What the task requires ▸ Your answer must be an exact transcription of the data, with every picture omitted.
+ + + +
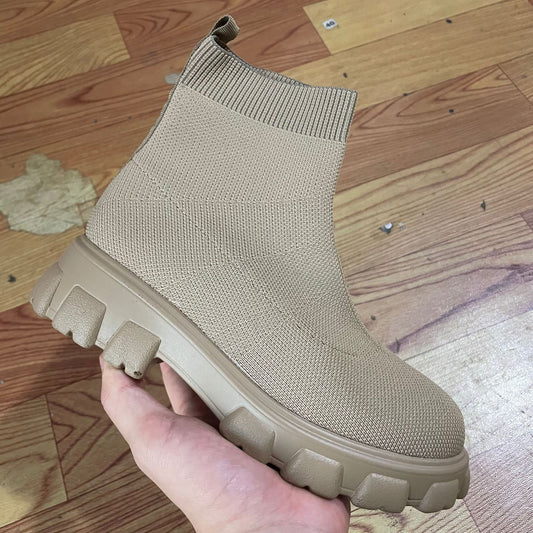 Stylové Ortopedické Kozačky pro Každou Příležitost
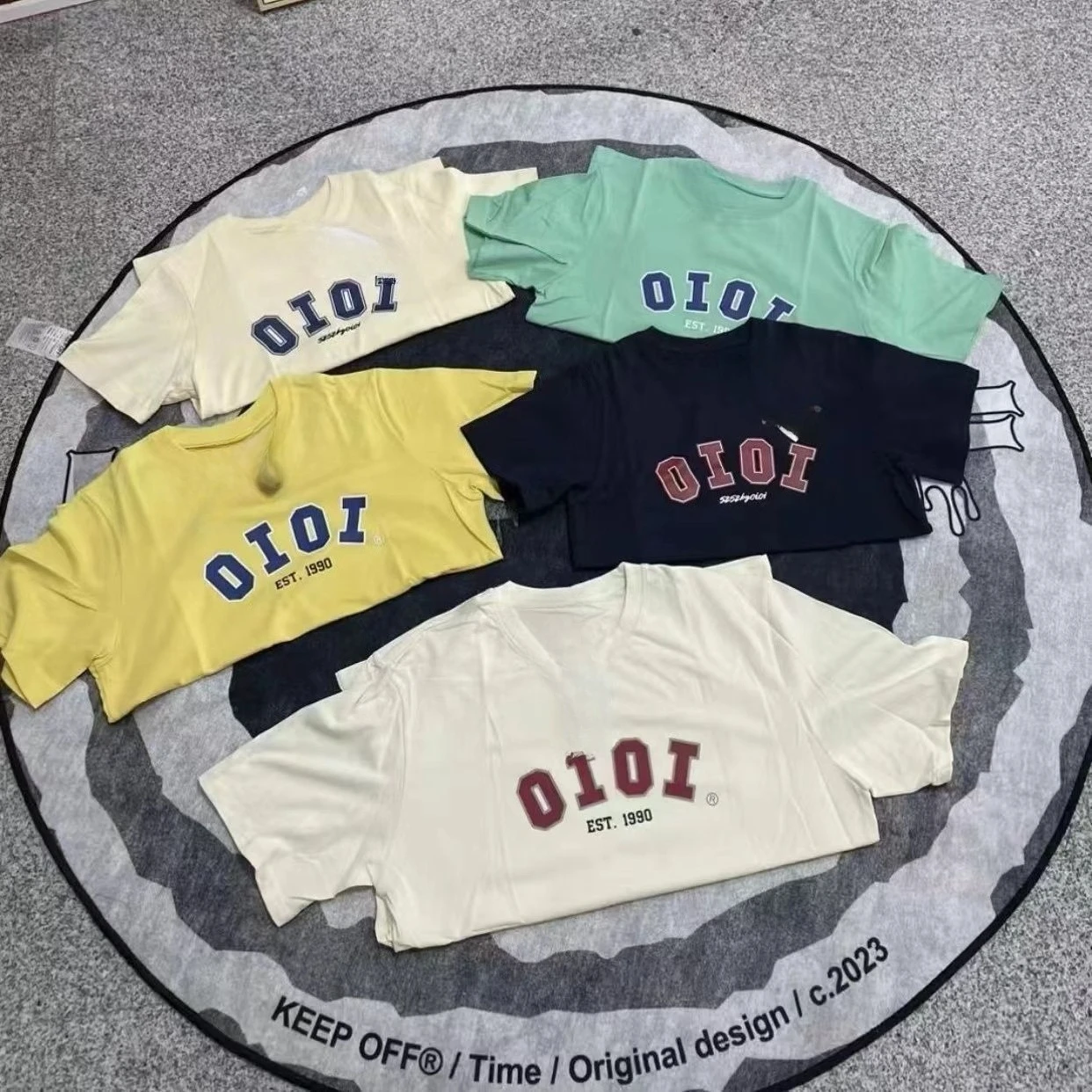 

Корейская футболка с короткими рукавами и принтом, корейская версия модной брендовой футболки из чистого хлопка с круглым вырезом для мужчин и женщин с такими же ins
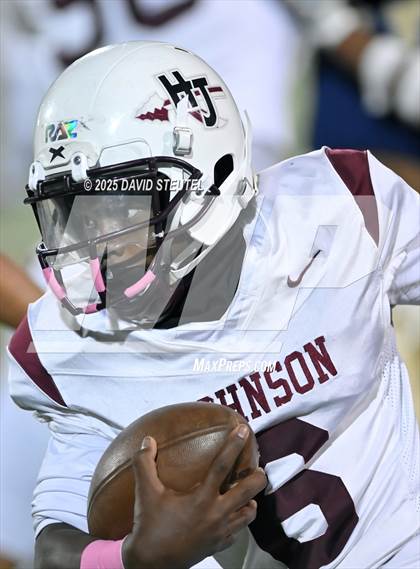 Thumbnail 1 in Johnson @ Burbank photogallery.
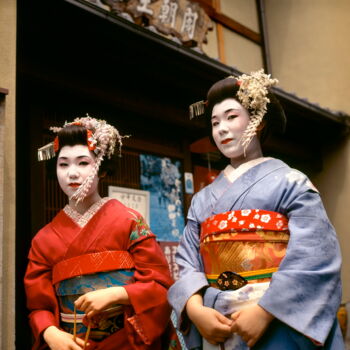 摄影 标题为“Geishas” 由Hervé Gergaud, 原创艺术品, 电影摄影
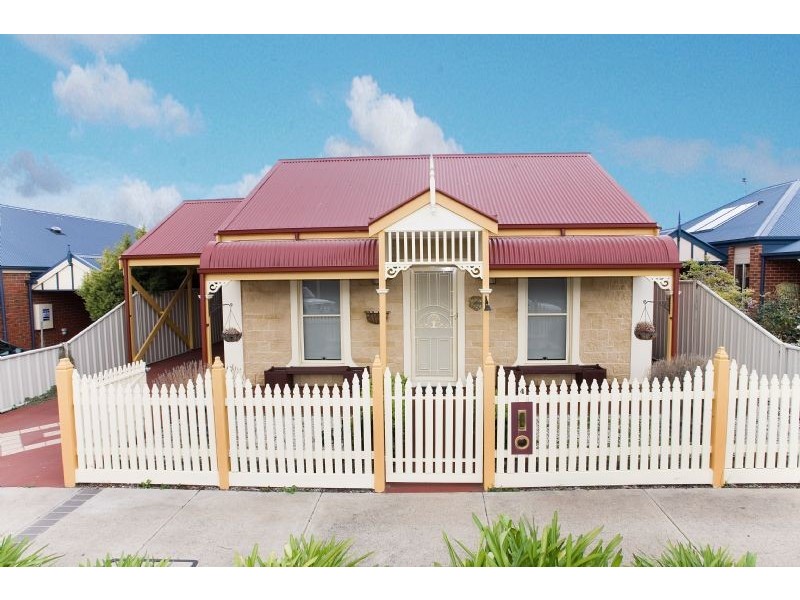 4 Woodbine Close, Craigieburn VIC 3064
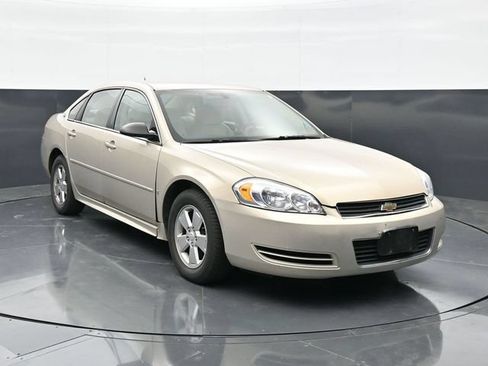 Used 2009 Chevrolet Impala LT FWD image 4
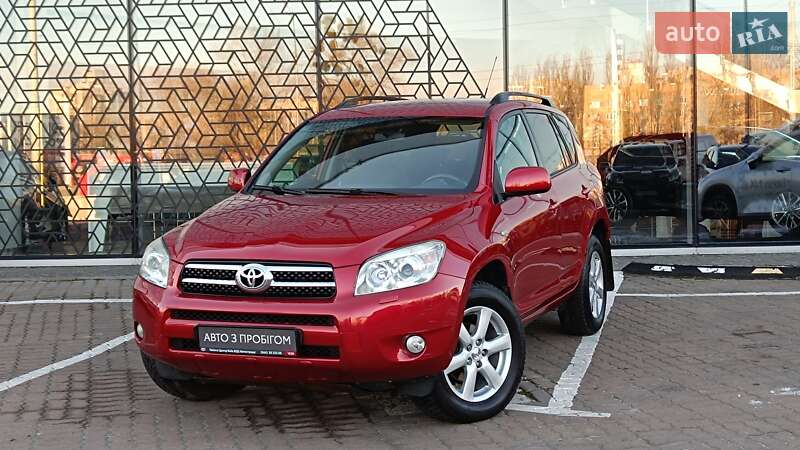 Внедорожник / Кроссовер Toyota RAV4 2008 в Киеве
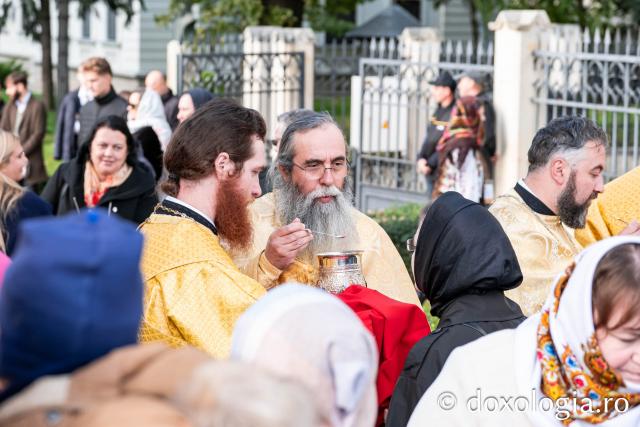 Sfânta Liturghie – Hramul Sfintei Cuvioase Parascheva, 2024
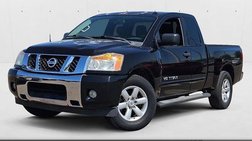 2014 Nissan Titan SV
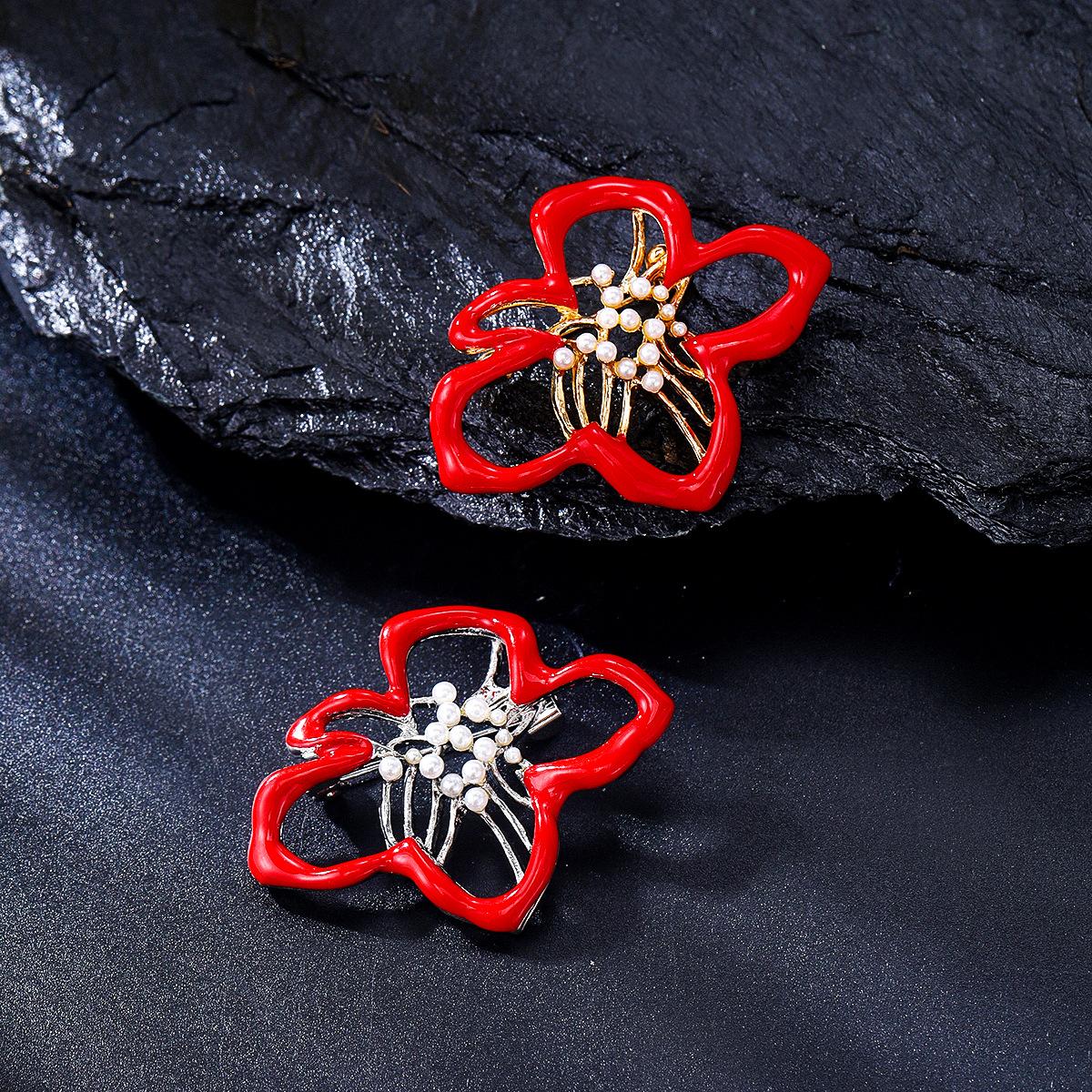 

Simple and Versatile Hollow Pearl Flower Brooch Niche Design Sense Temperament Elegant Flower Clothing Small Accessories Pin срібний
+ + + +
Exercise result ▸
 Stylové Ortopedické Kozačky pro Každou Příležitost

Корейская футболка с короткими рукавами и принтом, корейская версия модной брендовой футболки из чистого хлопка с круглым вырезом для мужчин и женщин с такими же ins
 Thumbnail 1 in Johnson @ Burbank photogallery.
 摄影 标题为“Geishas” 由Hervé Gergaud, 原创艺术品, 电影摄影
 4 Woodbine Close, Craigieburn VIC 3064
 Used 2009 Chevrolet Impala LT FWD image 4
 Внедорожник / Кроссовер Toyota RAV4 2008 в Киеве
 Sfânta Liturghie – Hramul Sfintei Cuvioase Parascheva, 2024
 2014 Nissan Titan SV

Simple and Versatile Hollow Pearl Flower Brooch Niche Design Sense Temperament Elegant Flower Clothing Small Accessories Pin срібний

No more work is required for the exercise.